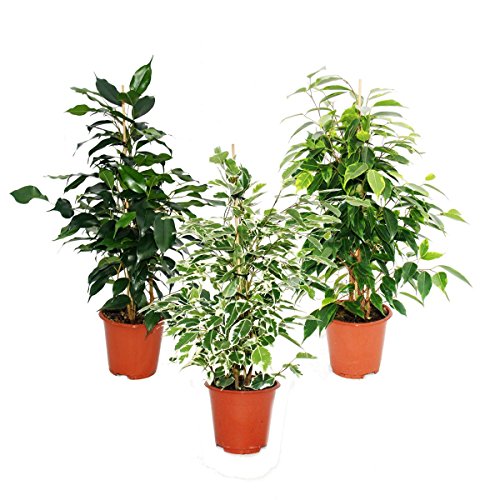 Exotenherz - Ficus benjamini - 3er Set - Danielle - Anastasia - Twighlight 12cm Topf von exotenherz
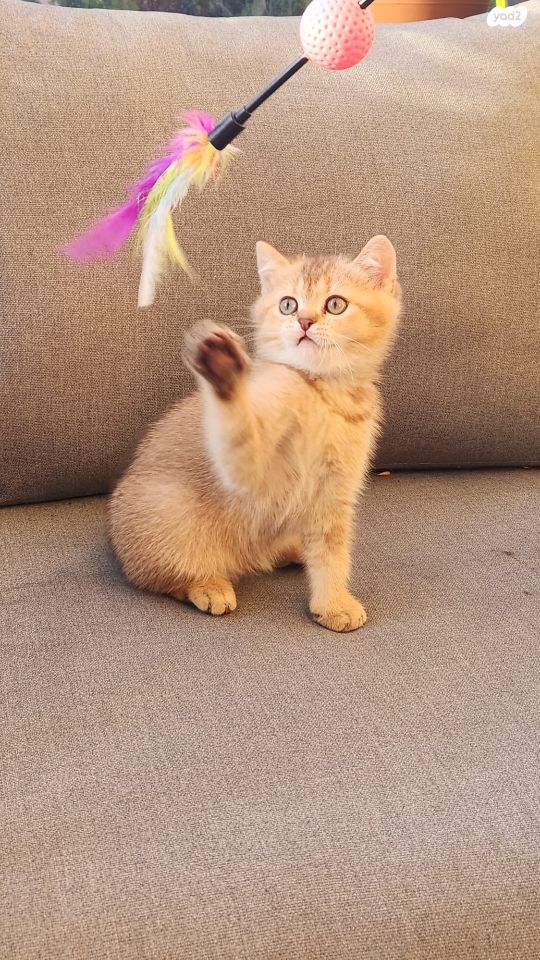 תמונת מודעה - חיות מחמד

--

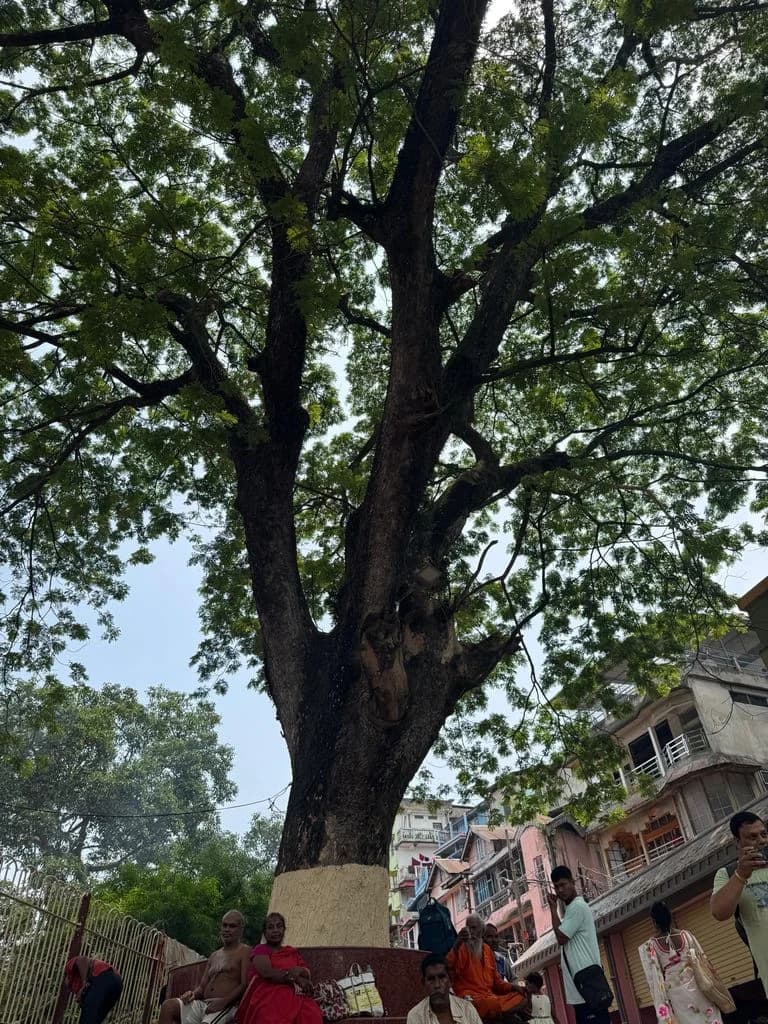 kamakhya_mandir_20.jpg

---

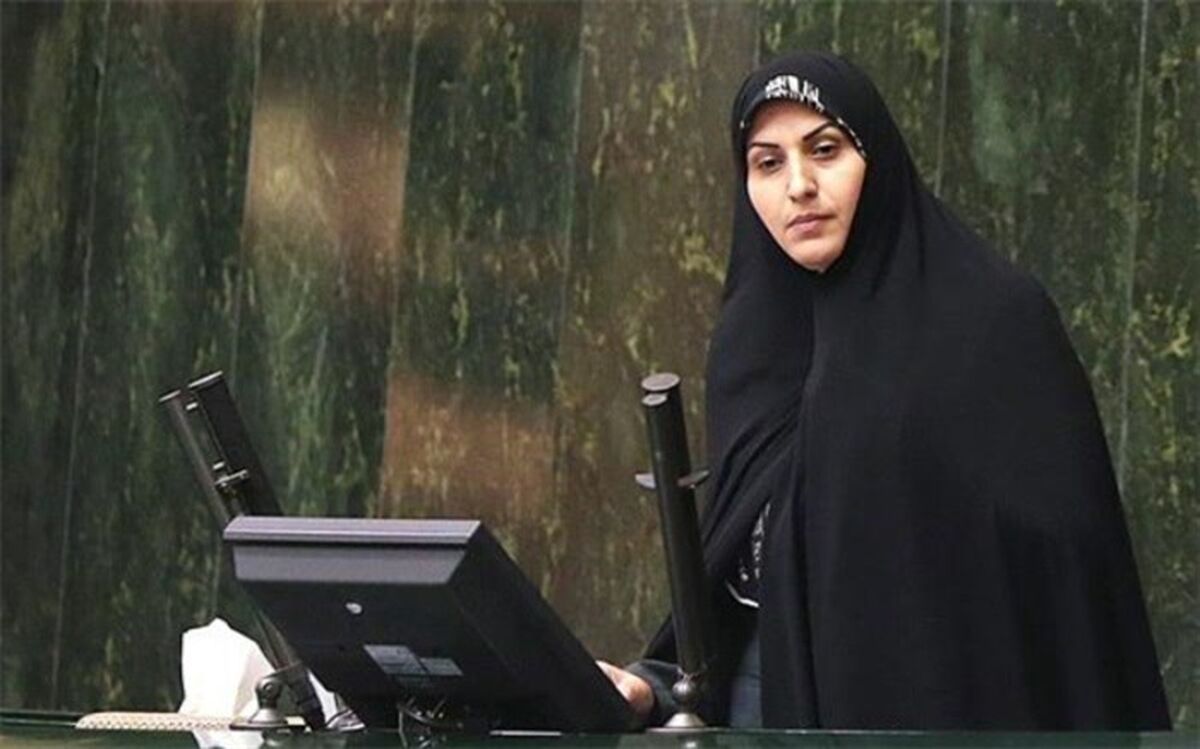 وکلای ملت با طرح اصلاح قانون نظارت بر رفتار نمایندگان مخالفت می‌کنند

# GOAL OF THE EXERCISE
In the listing above, find the line containing "Exotenherz - Ficus" and the line containing "תמונת מודעה - חיות מחמד", then return both of them and every line between, exactly, without pictures.

# TASK SOLUTION
 Exotenherz - Ficus benjamini - 3er Set - Danielle - Anastasia - Twighlight 12cm Topf von exotenherz
 תמונת מודעה - חיות מחמד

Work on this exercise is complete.